Answer
${f_x}{|_A} \approx \frac{{\Delta f}}{{\Delta x}} = 10$
${f_y}{|_A} \approx \frac{{\Delta f}}{{\Delta y}} = - 20$
Work Step by Step
We see in Figure 8, the coordinate of $A = \left( {x,y} \right) = \left( {2, - 2} \right)$ is at the level curve $30$.

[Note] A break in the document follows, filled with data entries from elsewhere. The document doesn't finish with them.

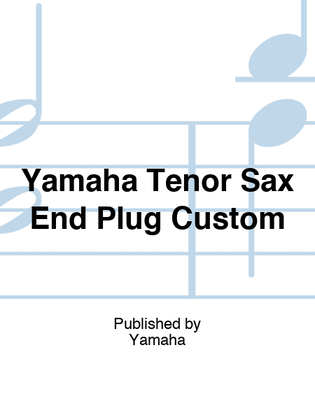 Yamaha Tenor Sax End Plug Custom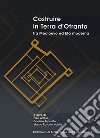 Costruire in Terra d'Otranto tra Medioevo ed Età moderna. Atti del Convegno Lecce, ex Ospedale dello Spirito Santo, 11-13 luglio 2019 libro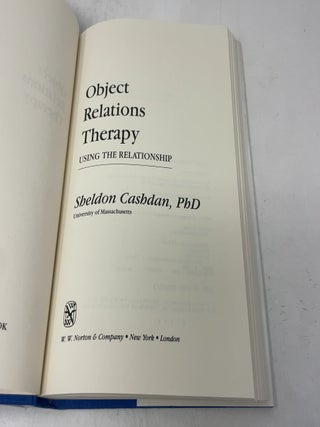 Object Relations Therapy: Using the Relationship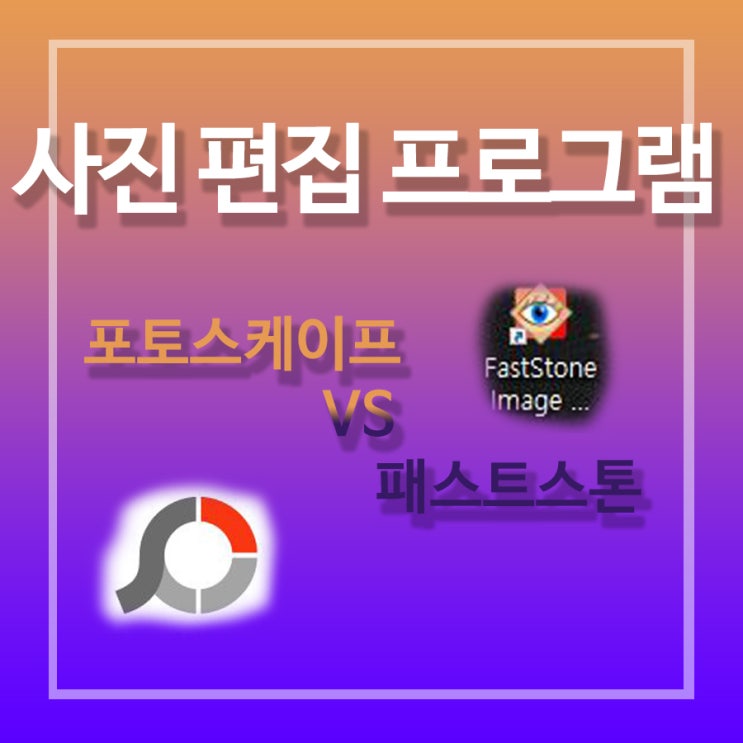  사진 편집 프로그램 추천, 포토스케이프 VS 패스트스톤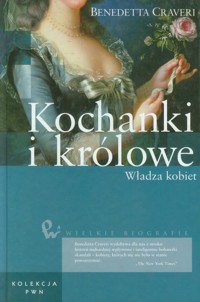 Kochanki i królowe Władza kobiet - Craveri Benedetta - książka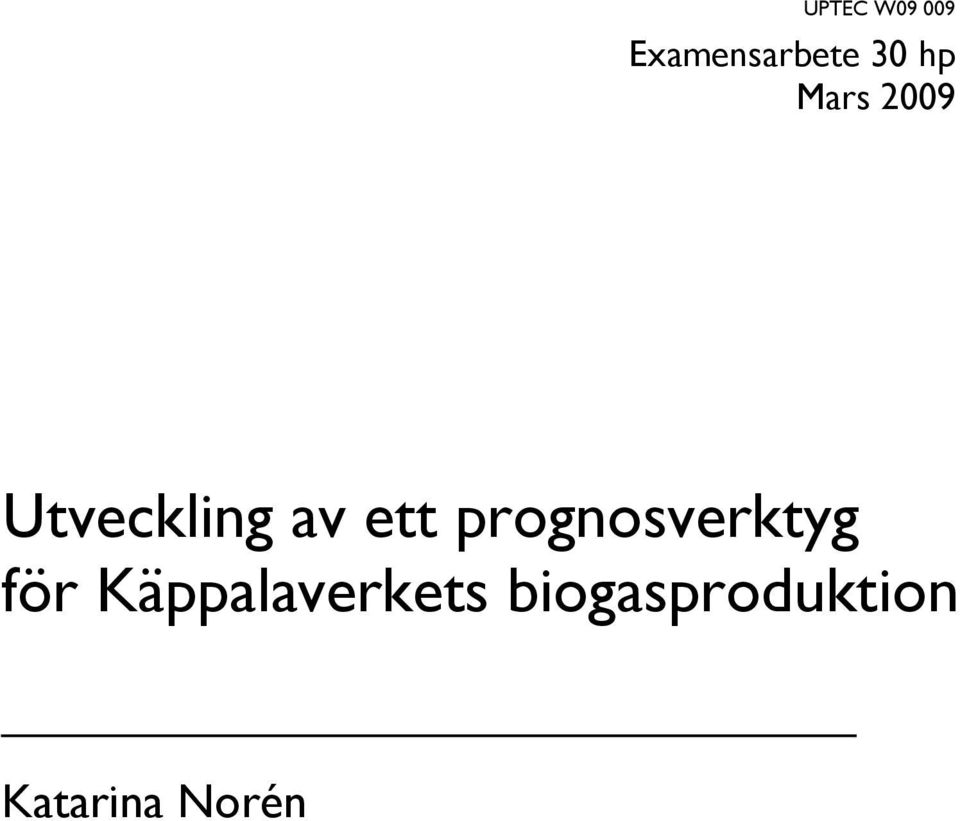prognosverktyg för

1. Estimate ${f_x}$ at point $A$.
We move to the right horizontally to the next level curve $40$ at the estimated coordinate $\left( {3, - 2} \right)$. Notice that by doing so, we have kept the $y$-coordinate constant.
So,
${f_x}{|_A} \approx \frac{{\Delta f}}{{\Delta x}} = \frac{{40 - 30}}{{3 - 2}} = \frac{{10}}{1} = 10$
2. Estimate ${f_y}$ at point $A$.
Similarly, we move up vertically from point $A$ to the next level curve $20$ at the estimated coordinate $\left( {2, - 1.5} \right)$. Notice that by doing so, we have kept the $x$-coordinate constant.
So,
${f_y}{|_A} \approx \frac{{\Delta f}}{{\Delta y}} = \frac{{20 - 30}}{{ - 1.5 - \left( { - 2} \right)}} = \frac{{ - 10}}{{0.5}} = - 20$